Monday, February 24, 2014

Ailes, Murdoch, and The Real House of Cards

I've been reading Gabriel Sherman's Loudest Voice in the Room, a new biography of Fox News impresario Roger Ailes.  It makes for fascinating reading, in the way that I find reading about Richard Nixon to be fascinating.  Ailes has much of his former boss's paranoia, resentment, bigotry, and unscrupulous Realpolitik.  It also got me thinking about the real nature of political power in our world today.

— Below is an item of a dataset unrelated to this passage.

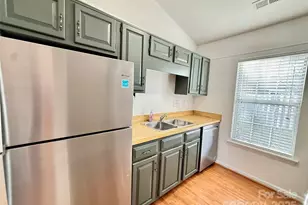 2734 Tiergarten Ln, Charlotte, NC 28210 - Photo 6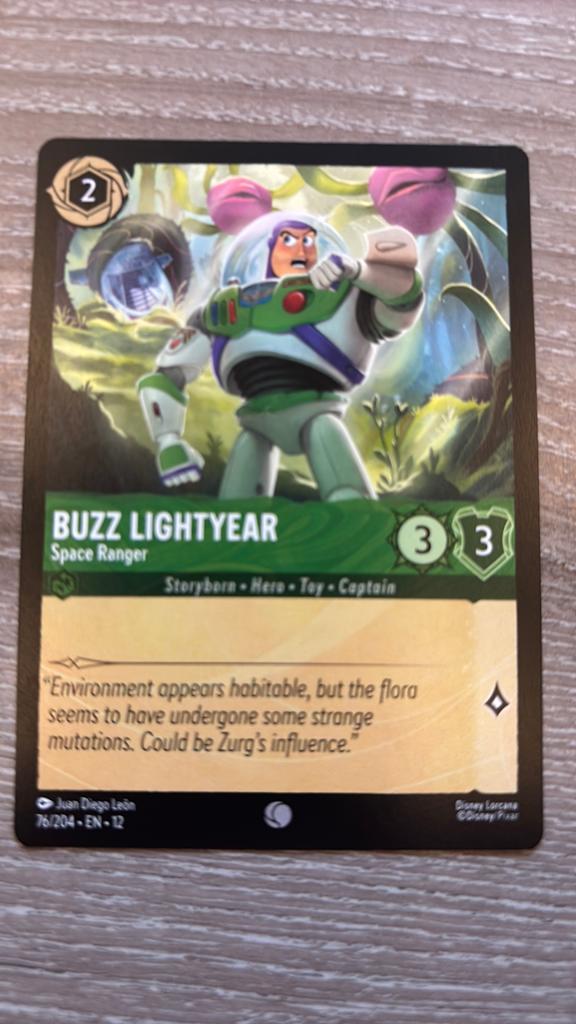 Disney Lorcana Buzz Lightyear ranger 76-204 12WIL nonfoil, Ophalen of Verzenden, Zo goed als nieuw, Losse kaart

We are much too inclined to ascribe political power to government officials, when they are mostly beholden to much more powerful people who do not hold office but pull the strings.  The revelations about Tony Blair this week are a case in point.  When News of the World editor Rebekah Brooks was in hot water over phone hacking, the former PM quickly came to her rescue, trying to find ways to mitigate damage to her and her boss, Rupert Murdoch.  (Until recently Blair and Murdoch were chums.)  For three decades now it has been impossible for anyone to get elected prime minister without Murdoch's backing, so powerful is his media voice in Britain.  The recent information reveals without a doubt that it is Murdoch, not Blair, who holds the real power in their relationship.  After all, Murdoch owns a massive chunk of the global media, and has used this power in the past to destroy his enemies and promote those he has anointed.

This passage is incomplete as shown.